Avec beaucoup d’émotions. C’est un peu comme la légion d’honneur, mais là, elle vient de mon pays d’adoption, de prédilection et d’attachement. Elle marque près de trente ans de recherche, des collaborations multiples, un investissement de tous les jours auprès des étudiantes et étudiants que j’accompagne dans leurs recherches, mais aussi avec les migrantes et migrants mongols en France.

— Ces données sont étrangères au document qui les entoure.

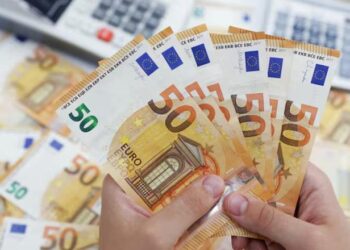 Euro rekord të ri negativ, zbret në kufijtë e 93 lekëve
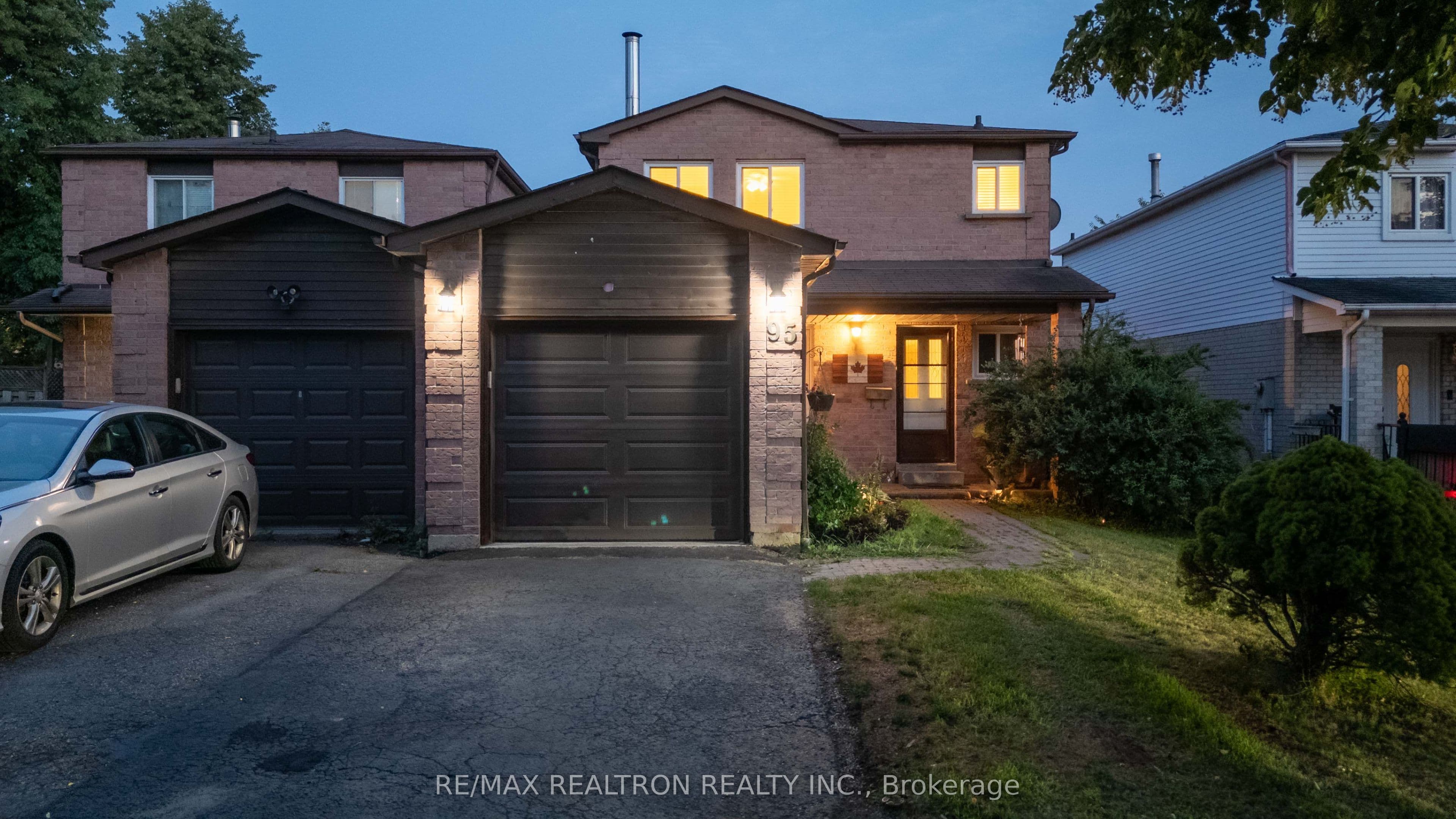 95 Chalmers Crescent photo 1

Quels sont vos prochains projets ?
Avec mon collègue Mathieu Mollet, maître de conférences HDR en écologie à l’ISAE de Sorbonne Université, nous conduisons depuis 2019 une recherche sur la résistance et la résilience des pasteurs nomades du Gobi face au changement climatique. Nous avons d’abord accompagné une étudiante du master de géographie GAED – parcours « Culture, politique, patrimoine », Hasutoya Borujigin, dans la rédaction d’un mémoire tiré de l’analyse quantitative des réactions des éleveurs mongols du Gobi face au stress climatique. Nous préparons actuellement un séjour sur le terrain prévu en mai-juin 2022 pour prolonger cette analyse par une recherche qualitative auprès des éleveurs. Initialement prévu en 2021, cette recherche de terrain, soutenue par le CNRS - Projets Exploratoires Premier Soutien (PEPS) INEE, a été retardée par la pandémie. Avec Mathieu Mollet, nous travaillons également à l’élaboration d’un serious game afin de comprendre les stratégies des éleveurs face aux catastrophes naturelles et d’anticiper leurs capacités de résistance et de résilience en prévision du changement climatique.